Не таких ли же прелестных представителей нашей юной смены мы только что видели в Крыму — в «Артеке»! Там тоже было море и такое же, как здесь, солнце, но там родилась уже новая жизнь, а здесь тот волшебный край, которым всегда представлялась мне французская Ривьера, был превращен очередным кризисом, верным спутником капитализма, в разрушенное и покинутое кладбище.
Вдоль всего побережья стояли с забитыми дверьми и закрытыми ставнями царственной роскоши виллы и дворцы. На запущенных аллеях торчали бесчисленные вековые, но уже высохшие пальмы, с чудесных, выходивших на море террас свешивались пожелтевшие ветви когда-то волшебно ярких роз и глициний. Повсюду надписи «A vendre» — «Продается», но никто этих недвижимостей не покупал: подобные красоты стали недостижимыми для бывших богачей из-за непосильных расходов по содержанию и налогов. Пляжи без нарядных дамских туалетов. Рулетка с кучками серебра вместо, как встарь, золота. Магазины — без товаров, рестораны — без посетителей, шоссейные дороги — без автомобилей, море — без яхт, нарядных лодок и катеров.
Канны, Ницца, Монте-Карло, Кап-Мартэн, Кап-Ферра — все эти прелестные уголки напоминали своим запустением прогоревшую, никому уже ненужную и всеми покинутую красавицу.

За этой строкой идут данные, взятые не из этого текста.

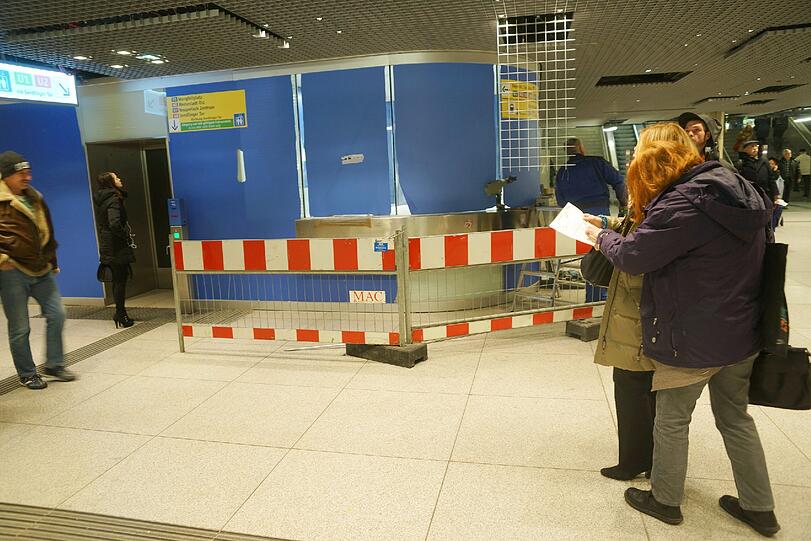 "Verkaufsräume und Servicestellen sind nun an der Westseite konzentriert", so die MVG, "auf der Ostseite des Gebäudes wurden Info-Vitrinen und Fahrkartenautomaten angeordnet".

Я понял, что той Франции, которую я знавал в юности, уже не существовало и что не найти в ней человека, который открыл бы наглухо забитые ставни, хотя бы в одном из отелей, и создал бы подобие нашего «Артека». Как были бы рады провести на Ривьере каникулы те парижские дети, которые видят солнце и по сей день только через щель заплесневелых улиц древнего IV парижского «аррондисмента», где мы проживали.
В самом Париже, еще раньше, чем на Ривьере, стали закрываться железные ставни прежних особняков.

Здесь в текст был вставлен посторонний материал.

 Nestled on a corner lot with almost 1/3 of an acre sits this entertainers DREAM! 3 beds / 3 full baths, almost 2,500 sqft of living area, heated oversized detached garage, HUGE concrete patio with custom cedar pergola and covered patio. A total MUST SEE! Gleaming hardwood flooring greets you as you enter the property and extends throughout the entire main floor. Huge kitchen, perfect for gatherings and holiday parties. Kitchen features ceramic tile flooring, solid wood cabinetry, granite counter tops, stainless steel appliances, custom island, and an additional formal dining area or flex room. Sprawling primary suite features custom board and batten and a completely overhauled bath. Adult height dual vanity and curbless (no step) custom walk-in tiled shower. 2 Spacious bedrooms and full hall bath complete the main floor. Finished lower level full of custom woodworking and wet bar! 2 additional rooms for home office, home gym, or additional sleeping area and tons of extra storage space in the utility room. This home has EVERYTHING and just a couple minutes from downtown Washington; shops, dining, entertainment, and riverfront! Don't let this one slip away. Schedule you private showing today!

Меркла слава многих старых модных магазинов. Никому уже не нужны были дорогие дамские туалеты и мужские одежды. Требовался стандартный, бьющий в глаза шик новейших заморских мод. Вместо брильянтов и черно-бурых лисиц, выставлявшихся когда-то в богатых витринах элегантной рю де ла Пэ, появились магазины с бутафорскими витринами, заставленными фальшивыми драгоценностями и дешевыми безделушками.
Тонкое остроумие таких «diseurs», как Майоль или Фюрси, отжило свой век. Их заменили бесчисленные дансинги с американскими песенками под звуки джаз-бандов.
Никого не стали удовлетворять и скромные по оформлению, но полные юмора пьесы французских театров, составлявшие когда-то главную прелесть парижской жизни.
Пустовали и умирали в предсмертной агонии один за другим и тихие старинные рестораны. Их заменяли освещенные ярким ослепляющим светом громадные залы с зеркалами и оркестрами, дансингами и плохой кухней или небольшие, наспех оборудованные ресторанчики всех наций, кроме французской: венгерские, английские, американские и даже китайские. Среди них почетное место заняли русские эмигрантские, развлекающие посетителей балалайками и танцами со втыкающимися в паркет кавказскими кинжалами.